In the first film it was pretty easy to identify that LaRusso was the protagonist and Lawrence the antagonist. This series shows that these characters have more than one side to them. It really blurs the lines between who’s the good guy and who’s the bad guy with different shifts in power but also character. In some episodes you would relate to LaRusso’s character and disagree with Lawrence’s and other times, both were threading a thin line between good and bad. That’s what made this show such a spectacle; the fact that it handled the element of what makes a person human and implemented it so well into the characters. The relationship between the main characters is palatable; 34 years have done nothing to the intensity of this iconic rivalry. Another charming aspect of this show is how it handles nostalgia. The writers didn’t spoon-feed the audience with pure fan service, which is where most reboots fall short like the 2011 remake of Footloose.

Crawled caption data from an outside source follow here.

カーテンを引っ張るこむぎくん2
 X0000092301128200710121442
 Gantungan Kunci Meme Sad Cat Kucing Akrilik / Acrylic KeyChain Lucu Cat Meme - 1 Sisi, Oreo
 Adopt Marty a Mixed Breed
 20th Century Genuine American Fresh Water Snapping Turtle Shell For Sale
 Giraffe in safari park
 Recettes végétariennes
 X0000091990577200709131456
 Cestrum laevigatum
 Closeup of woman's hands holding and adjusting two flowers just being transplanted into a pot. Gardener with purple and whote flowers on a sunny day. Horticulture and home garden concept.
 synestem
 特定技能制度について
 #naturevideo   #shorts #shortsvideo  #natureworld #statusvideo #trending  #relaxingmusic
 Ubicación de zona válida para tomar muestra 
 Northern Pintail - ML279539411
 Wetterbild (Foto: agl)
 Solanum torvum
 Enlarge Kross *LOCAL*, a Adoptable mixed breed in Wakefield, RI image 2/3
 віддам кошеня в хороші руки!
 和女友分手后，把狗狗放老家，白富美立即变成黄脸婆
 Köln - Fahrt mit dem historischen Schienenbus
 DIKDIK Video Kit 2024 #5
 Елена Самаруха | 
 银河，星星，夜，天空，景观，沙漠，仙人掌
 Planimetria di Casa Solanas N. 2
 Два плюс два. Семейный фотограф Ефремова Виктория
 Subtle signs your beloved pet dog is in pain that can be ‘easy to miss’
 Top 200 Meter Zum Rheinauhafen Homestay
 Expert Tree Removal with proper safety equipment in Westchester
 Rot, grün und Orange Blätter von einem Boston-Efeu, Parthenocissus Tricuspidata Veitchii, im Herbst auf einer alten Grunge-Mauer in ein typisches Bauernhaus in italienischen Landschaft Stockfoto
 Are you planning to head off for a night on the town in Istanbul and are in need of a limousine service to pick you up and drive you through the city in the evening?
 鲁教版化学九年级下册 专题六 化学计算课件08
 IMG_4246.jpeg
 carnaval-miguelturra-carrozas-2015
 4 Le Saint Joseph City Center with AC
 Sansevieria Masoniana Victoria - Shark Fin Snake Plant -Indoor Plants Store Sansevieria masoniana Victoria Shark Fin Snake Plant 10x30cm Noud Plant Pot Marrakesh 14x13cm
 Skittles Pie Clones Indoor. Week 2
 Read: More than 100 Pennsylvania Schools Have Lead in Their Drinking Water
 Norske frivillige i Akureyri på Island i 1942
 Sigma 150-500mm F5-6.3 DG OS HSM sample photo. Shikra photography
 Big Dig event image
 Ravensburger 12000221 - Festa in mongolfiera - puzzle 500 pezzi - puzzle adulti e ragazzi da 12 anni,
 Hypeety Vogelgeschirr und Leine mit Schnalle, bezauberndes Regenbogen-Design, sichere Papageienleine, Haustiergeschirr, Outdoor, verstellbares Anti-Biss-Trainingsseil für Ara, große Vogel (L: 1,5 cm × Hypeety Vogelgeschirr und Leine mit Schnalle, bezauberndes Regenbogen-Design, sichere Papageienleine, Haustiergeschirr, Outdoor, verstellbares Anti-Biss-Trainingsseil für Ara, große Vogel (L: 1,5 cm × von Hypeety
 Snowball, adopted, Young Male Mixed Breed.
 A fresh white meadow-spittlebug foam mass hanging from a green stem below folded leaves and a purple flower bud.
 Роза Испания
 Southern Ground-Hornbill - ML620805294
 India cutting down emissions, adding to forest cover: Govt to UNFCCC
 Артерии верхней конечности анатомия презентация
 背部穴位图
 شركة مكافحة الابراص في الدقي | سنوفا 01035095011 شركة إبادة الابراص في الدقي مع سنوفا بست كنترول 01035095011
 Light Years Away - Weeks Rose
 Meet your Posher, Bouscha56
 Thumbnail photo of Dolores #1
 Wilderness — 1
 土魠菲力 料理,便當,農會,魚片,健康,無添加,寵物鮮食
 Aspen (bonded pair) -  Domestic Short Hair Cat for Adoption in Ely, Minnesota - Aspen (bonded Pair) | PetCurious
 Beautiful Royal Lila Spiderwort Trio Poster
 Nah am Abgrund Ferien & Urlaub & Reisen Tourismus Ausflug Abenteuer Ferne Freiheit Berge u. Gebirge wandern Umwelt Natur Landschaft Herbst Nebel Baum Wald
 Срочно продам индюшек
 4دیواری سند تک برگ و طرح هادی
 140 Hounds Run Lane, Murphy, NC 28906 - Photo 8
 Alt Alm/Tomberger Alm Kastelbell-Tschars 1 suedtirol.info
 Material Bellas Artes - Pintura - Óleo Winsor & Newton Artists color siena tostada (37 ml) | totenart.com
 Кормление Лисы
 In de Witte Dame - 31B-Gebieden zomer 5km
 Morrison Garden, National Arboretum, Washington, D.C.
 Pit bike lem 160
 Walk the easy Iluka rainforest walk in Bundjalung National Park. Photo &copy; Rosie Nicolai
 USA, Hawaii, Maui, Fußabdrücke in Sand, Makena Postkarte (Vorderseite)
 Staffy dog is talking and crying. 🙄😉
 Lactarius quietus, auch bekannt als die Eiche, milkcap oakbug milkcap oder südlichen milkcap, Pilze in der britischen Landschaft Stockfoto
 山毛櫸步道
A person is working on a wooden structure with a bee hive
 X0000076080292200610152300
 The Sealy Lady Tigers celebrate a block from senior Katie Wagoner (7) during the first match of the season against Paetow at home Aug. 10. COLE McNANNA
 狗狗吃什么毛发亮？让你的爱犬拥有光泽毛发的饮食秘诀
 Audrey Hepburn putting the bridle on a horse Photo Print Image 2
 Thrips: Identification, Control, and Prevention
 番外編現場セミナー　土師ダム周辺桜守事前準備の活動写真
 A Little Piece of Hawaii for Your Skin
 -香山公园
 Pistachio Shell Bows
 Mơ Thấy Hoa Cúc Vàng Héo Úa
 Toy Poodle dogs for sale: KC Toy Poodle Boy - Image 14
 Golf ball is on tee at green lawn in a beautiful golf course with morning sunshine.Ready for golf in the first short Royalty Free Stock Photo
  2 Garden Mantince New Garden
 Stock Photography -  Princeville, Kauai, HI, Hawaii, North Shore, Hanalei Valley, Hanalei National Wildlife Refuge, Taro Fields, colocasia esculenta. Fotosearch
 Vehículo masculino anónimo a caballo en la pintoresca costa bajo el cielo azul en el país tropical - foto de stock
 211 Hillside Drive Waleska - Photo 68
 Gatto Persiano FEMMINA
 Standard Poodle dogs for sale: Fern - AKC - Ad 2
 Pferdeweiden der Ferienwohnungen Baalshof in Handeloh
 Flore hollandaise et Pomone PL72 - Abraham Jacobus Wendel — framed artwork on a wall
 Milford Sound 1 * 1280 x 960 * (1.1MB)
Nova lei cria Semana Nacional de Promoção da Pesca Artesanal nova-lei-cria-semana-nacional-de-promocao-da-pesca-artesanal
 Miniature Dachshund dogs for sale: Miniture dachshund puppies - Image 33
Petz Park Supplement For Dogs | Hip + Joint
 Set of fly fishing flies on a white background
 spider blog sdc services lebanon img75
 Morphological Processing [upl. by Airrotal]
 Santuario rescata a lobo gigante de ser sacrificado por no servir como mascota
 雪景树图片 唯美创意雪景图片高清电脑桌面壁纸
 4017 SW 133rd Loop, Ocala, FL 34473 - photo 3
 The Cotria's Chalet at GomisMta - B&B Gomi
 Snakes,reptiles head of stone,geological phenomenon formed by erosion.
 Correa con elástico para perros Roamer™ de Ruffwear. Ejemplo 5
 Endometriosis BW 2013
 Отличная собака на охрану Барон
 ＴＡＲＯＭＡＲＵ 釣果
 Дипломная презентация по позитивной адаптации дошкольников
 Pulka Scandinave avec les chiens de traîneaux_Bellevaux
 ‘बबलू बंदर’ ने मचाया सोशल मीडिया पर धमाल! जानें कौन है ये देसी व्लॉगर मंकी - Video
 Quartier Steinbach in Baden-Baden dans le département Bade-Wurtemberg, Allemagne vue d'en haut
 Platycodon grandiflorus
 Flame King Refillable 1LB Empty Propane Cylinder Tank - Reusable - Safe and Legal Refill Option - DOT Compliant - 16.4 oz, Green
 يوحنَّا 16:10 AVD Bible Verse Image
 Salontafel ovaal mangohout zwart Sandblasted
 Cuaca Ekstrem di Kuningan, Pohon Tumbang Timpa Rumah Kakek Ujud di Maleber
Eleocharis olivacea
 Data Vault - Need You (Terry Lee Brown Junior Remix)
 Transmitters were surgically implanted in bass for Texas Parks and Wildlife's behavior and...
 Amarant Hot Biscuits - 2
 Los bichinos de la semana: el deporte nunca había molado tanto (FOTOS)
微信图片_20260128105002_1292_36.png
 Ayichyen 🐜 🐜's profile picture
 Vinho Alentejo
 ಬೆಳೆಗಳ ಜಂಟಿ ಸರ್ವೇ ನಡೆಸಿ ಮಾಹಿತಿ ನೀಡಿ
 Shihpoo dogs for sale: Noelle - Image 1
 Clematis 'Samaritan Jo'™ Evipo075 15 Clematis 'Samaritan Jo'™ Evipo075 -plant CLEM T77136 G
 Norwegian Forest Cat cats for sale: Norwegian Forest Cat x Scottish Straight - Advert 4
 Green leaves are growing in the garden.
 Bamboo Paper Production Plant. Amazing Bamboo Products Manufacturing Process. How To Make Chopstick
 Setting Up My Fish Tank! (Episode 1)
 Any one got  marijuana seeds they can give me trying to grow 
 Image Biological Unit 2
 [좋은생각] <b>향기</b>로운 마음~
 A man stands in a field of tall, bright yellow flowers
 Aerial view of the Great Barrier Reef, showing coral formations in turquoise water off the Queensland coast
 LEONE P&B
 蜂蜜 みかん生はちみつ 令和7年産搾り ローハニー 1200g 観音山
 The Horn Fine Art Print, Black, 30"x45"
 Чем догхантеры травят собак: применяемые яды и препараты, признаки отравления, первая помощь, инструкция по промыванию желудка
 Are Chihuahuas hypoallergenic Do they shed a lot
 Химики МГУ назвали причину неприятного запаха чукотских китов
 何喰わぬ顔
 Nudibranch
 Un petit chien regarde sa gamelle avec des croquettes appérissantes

The series also did a great job at basically rebranding Zabka’s iconic character and showing how that his character was not as two-dimensional as most would presume back in the 80s. The show deals with real issues like alcohol abuse, destructive behaviour and family issues – all themes that make it really grounded and relatable to the audience. The show created a sense of empathy for most of the characters that are in it. This is something that many big budget film characters lack which is a feat if anything. They also did a good job at completely flipping the role of Zabka’s character to what is essentially the Miyagi of this series. It’s interesting to see how a character as old fashioned as Johnny Lawrence interacts with the younger much more PC characters who become his students. It creates a juxtaposition which constructs a profound effect in many of the characters, especially with the relationships between both of the rival’s eventual students. Seeing both characters take on more paternal roles amidst all the chaotic hilarity just makes for a show full of laughs with a lot of heart.
Cobra Kai truly was a breakout hit and I am highly anticipating the follow up to this iconic rivalry next season. It’s a show that has some great elements of comedy whilst having so much depth in character. Go see it.